If to Borrowers: | Maguire Partners - 555 W. Fifth, LLC and Maguire Partners - 350 S. Figueroa, LLC 1733 Ocean Avenue, 4th Floor Santa Monica, California 90401 Attention: Robert F. Maguire III and Paul S. Rutter, Esq. Facsimile No.: (213) 687-4758 |
With a copy to: | Cox, Castle & Nicholson LLP Los Angeles, California 90067 Attention: Douglas P. Snyder, Esq. Facsimile No.: (310) 277-7889 |
A notice shall be deemed to have been given: in the case of hand delivery or delivery by a reputable overnight courier, at the time of delivery; in the case of registered or certified mail, when delivered or the first attempted delivery on a Business Day; or in the case of expedited prepaid delivery and telecopy, upon the first attempted delivery on a Business Day; or in the case of telecopy, upon sender’s receipt of a machine-generated confirmation of successful transmission after advice by telephone to recipient that a telecopy notice is forthcoming.
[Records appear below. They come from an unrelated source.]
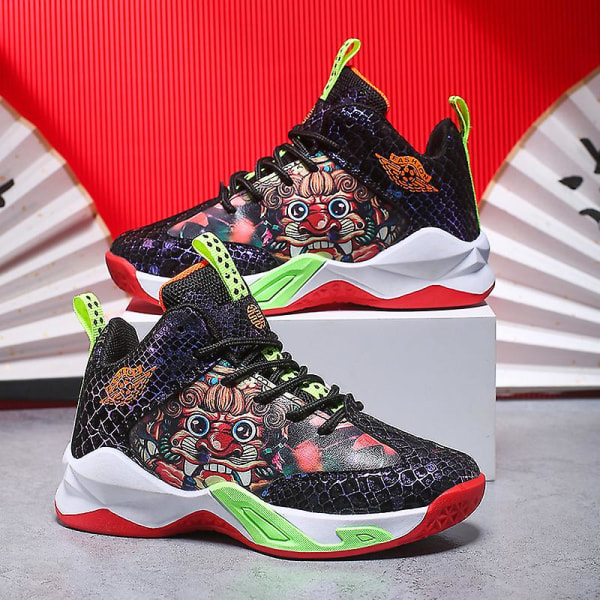 Sneakers för barn Andas Pojkar Flickor Löparskor Mode Sportskor 3Aa888 BlackGreen 34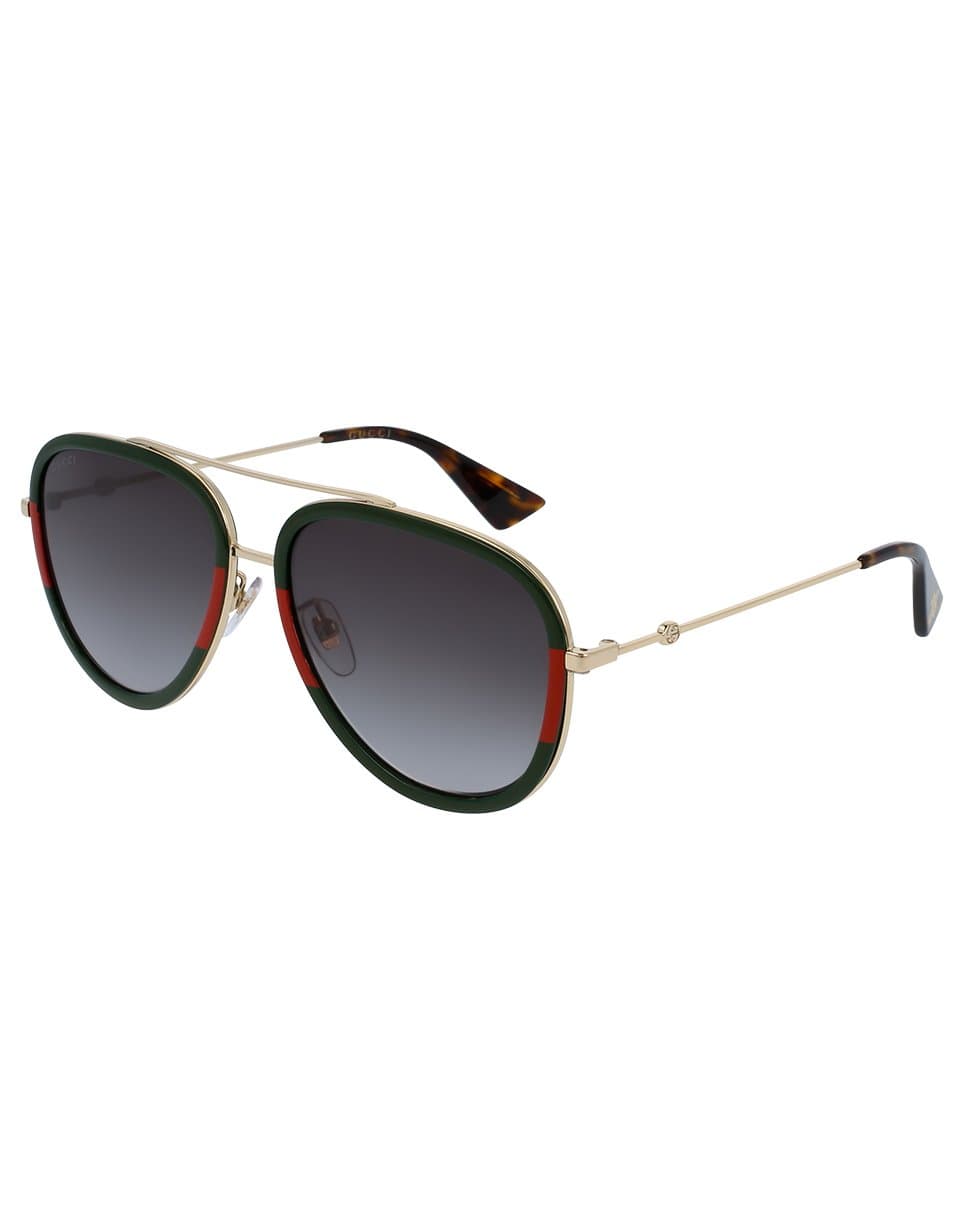 GUCCI-Aviator Sunglasses - Gold Green-GOLD/GRN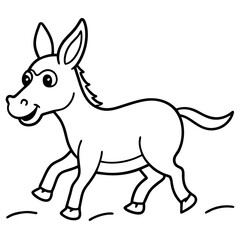 Running Donkey Cartoon Art vector illustration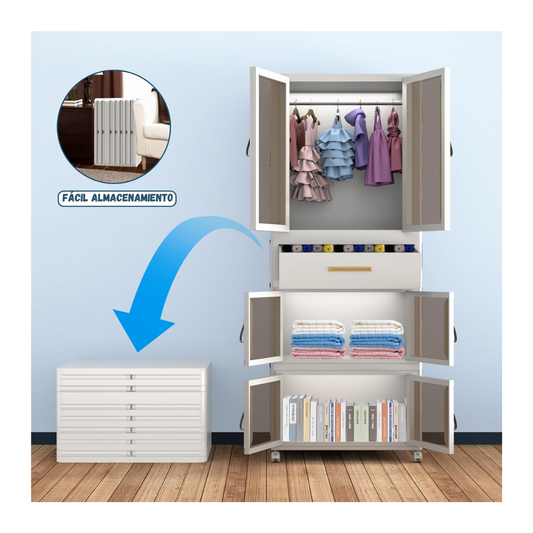 Armario Organizador Portatil Plegable  Multifuncional Con Ruedas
Section 10.7 Trial by Jury. TO THE EXTENT PERMITTED BY APPLICABLE LAW, BORROWERS AND LENDER HEREBY AGREE NOT TO ELECT A TRIAL BY JURY OF ANY ISSUE TRIABLE OF RIGHT BY JURY, AND WAIVE ANY RIGHT TO TRIAL BY JURY FULLY TO THE EXTENT THAT ANY SUCH RIGHT SHALL NOW OR HEREAFTER EXIST WITH REGARD TO THE LOAN DOCUMENTS, OR ANY CLAIM, COUNTERCLAIM OR OTHER ACTION ARISING IN CONNECTION THEREWITH. THIS WAIVER OF RIGHT TO TRIAL BY JURY IS GIVEN KNOWINGLY AND VOLUNTARILY BY BORROWERS AND LENDER, AND IS INTENDED TO ENCOMPASS INDIVIDUALLY EACH INSTANCE AND EACH ISSUE AS TO WHICH THE RIGHT TO A TRIAL BY JURY WOULD OTHERWISE ACCRUE. ANY PARTY HERETO IS HEREBY AUTHORIZED TO FILE A COPY OF THIS PARAGRAPH IN ANY PROCEEDING AS CONCLUSIVE EVIDENCE OF THIS WAIVER BY THE OTHER PARTY.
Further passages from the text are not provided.